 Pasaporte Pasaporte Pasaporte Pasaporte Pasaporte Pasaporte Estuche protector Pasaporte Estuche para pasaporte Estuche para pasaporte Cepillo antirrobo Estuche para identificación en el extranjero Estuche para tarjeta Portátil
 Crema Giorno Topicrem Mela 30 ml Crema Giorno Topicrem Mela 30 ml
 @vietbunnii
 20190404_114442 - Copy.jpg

+---+

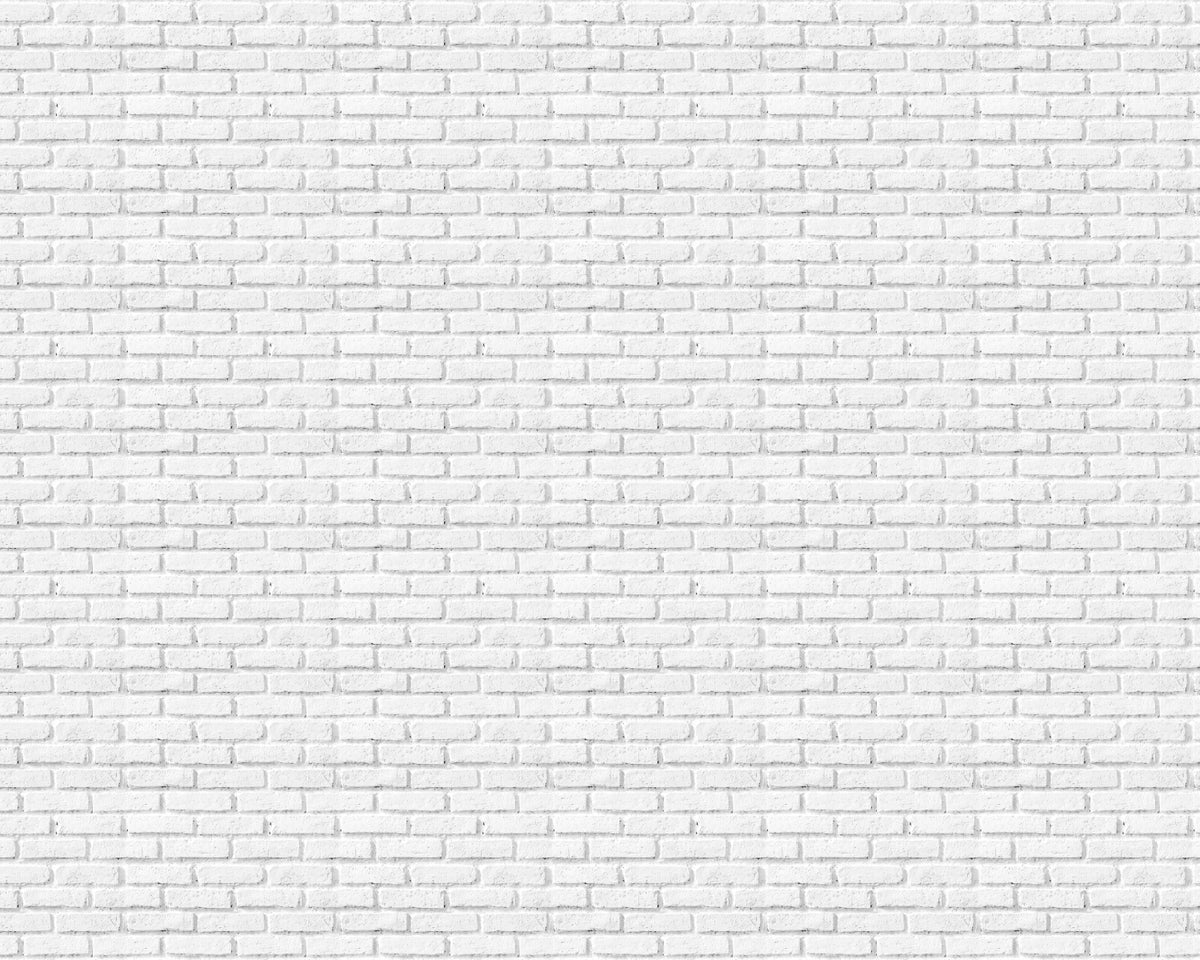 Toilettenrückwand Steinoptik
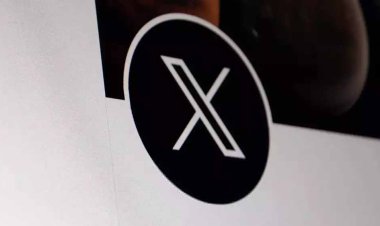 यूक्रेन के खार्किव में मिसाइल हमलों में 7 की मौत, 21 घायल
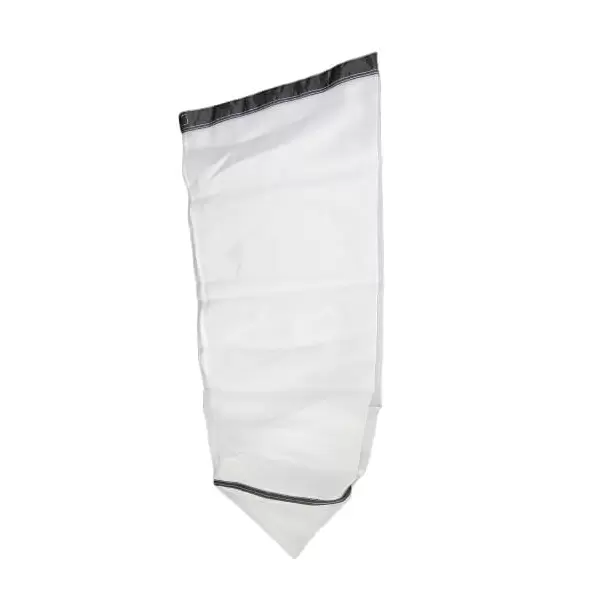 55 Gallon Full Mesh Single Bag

+---+

Looking at the data above, return every line from the one with "Crema Giorno Topicrem Mela 30 ml Crema" down to the one with "20190404_114442 - Copy.jpg", exactly and inclusively.

| WRITTEN SOLUTION |
 Crema Giorno Topicrem Mela 30 ml Crema Giorno Topicrem Mela 30 ml
 @vietbunnii
 20190404_114442 - Copy.jpg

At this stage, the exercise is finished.